Note: SWE-bench assesses software engineering task performance; GPQA evaluates graduate-level question answering.


🧠 Model Highlights

Claude 4 Opus

  • Performance: Achieved a leading 72.5% on SWE-bench, indicating strong coding capabilities.

  • Features: Supports extended reasoning with a 200K token context window.

  • Use Case: Excels in long-running, complex coding tasks. 

OpenAI o3

  • Performance: Scored 71.7% on SWE-bench and 87.7% on GPQA, showcasing strong reasoning abilities.

  • Features: Utilizes chain-of-thought reasoning for complex problem-solving.

  • Use Case: Ideal for tasks requiring deep reasoning and scientific understanding. 

Gemini 2.5 Pro

  • Performance: Scored 63.8% on SWE-bench, indicating solid coding performance.

  • Features: Offers a massive 1 million token context window, beneficial for large projects.

  • Use Case: Suitable for handling extensive codebases and multimodal tasks.

An unchanged pricing, always high

In terms of pricing, Claude 4 opus and Sonnet maintain relatively high prices compared to the market.
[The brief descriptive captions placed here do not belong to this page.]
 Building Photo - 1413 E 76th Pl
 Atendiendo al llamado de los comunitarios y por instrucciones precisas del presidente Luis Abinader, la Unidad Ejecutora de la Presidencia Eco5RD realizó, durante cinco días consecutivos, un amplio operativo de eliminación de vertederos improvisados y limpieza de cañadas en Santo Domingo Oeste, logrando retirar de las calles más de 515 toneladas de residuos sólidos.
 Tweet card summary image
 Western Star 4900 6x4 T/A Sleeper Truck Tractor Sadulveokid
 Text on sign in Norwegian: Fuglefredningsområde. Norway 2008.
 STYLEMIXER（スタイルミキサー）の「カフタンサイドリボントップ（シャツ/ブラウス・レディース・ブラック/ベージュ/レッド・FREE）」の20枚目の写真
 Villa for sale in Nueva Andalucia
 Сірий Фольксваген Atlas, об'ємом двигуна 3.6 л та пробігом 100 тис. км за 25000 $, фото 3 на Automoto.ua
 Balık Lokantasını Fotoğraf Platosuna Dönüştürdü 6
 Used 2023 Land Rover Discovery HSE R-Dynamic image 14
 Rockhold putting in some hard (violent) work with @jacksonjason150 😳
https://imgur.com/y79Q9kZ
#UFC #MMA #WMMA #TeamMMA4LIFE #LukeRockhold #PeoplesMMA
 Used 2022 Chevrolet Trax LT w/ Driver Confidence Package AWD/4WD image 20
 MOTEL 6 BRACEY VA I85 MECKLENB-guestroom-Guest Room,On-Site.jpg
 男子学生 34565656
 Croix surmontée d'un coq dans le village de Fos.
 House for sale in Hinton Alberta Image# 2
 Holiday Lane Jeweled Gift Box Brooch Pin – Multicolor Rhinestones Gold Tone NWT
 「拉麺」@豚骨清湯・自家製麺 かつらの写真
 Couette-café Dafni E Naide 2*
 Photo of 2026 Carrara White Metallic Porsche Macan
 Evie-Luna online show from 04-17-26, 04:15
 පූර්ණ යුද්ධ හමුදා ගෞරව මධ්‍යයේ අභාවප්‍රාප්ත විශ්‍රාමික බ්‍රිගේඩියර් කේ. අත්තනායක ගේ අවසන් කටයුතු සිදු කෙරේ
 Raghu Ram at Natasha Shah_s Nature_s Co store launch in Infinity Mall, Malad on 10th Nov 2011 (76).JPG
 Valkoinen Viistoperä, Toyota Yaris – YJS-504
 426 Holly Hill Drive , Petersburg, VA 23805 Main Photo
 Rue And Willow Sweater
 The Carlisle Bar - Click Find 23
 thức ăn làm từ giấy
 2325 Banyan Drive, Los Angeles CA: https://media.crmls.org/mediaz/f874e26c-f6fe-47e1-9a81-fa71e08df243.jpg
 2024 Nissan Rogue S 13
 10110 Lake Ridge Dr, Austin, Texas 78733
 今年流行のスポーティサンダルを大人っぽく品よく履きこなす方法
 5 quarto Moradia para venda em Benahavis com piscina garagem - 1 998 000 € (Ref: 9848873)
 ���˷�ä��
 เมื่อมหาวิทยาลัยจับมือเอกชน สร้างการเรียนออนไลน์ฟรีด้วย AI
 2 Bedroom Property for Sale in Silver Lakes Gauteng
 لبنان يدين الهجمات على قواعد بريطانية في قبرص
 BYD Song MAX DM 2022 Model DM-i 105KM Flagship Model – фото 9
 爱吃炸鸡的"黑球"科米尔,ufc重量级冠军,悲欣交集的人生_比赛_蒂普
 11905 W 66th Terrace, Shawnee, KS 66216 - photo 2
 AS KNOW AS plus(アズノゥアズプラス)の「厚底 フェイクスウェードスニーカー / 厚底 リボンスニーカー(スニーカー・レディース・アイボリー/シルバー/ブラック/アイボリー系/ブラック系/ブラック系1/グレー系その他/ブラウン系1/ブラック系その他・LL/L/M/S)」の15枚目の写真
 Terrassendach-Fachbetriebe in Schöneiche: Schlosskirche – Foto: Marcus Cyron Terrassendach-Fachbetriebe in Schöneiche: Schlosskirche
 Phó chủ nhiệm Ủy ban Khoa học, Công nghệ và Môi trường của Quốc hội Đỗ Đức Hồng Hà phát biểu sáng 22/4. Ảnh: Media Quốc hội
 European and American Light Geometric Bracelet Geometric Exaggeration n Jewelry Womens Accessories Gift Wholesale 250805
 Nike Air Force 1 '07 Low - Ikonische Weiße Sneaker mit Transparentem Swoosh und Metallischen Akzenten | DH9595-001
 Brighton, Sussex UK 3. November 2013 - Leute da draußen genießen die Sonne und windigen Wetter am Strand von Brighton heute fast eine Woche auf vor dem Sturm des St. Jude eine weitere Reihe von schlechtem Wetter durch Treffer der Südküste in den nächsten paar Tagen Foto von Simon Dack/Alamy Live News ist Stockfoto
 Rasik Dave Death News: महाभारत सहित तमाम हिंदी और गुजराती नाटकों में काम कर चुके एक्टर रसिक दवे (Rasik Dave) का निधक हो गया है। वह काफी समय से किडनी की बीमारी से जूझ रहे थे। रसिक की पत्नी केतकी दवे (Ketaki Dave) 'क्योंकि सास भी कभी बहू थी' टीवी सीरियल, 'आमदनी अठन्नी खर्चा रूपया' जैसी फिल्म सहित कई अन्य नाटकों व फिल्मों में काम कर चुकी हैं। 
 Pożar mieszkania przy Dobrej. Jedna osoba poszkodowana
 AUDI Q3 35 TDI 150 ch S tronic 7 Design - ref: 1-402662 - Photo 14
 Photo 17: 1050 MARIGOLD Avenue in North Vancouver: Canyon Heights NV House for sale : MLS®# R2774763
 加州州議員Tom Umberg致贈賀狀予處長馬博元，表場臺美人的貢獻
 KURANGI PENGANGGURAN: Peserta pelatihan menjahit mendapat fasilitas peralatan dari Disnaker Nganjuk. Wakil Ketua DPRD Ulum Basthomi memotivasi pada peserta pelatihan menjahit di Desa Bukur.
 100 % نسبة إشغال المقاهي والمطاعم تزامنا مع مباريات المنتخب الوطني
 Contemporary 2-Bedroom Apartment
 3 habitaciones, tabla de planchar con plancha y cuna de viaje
OPUS is billed at $ 15 for a million tokens at entry and $ 75 output. Claude Sonnet 4 is less expensive, at 3 dollars for a million tokens at the start and $ 15 output.

However, Claude 4 remains an excellent model, especially for developers. Its ability to work continuously for several hours and its capacity in code make it a model of choice, whether for the simple generation of code or in autonomous / semi-autonomous agent mode.

Claude Code in general availability and a muscular API for agentics

Finally, Anthropic takes advantage of the announcement of Claude 4 to build its development tools. Claude Code is now accessible on general availability. The tool integrates today natively access to the depots Githublike Jules de Google or Codex of Openai. Developers can “tag” Claude Code on requests to automatically correct bugs, respond to review comments or simply modify the code.

At the same time, the anthropic API is enriched with four new capacities: an code execution tool, an MCP server connector, an access tool for local files, and the possibility of cache prompt up to an hour. The objective is clear: to give all the keys to the developers to develop agents with the SDK of Anthropic.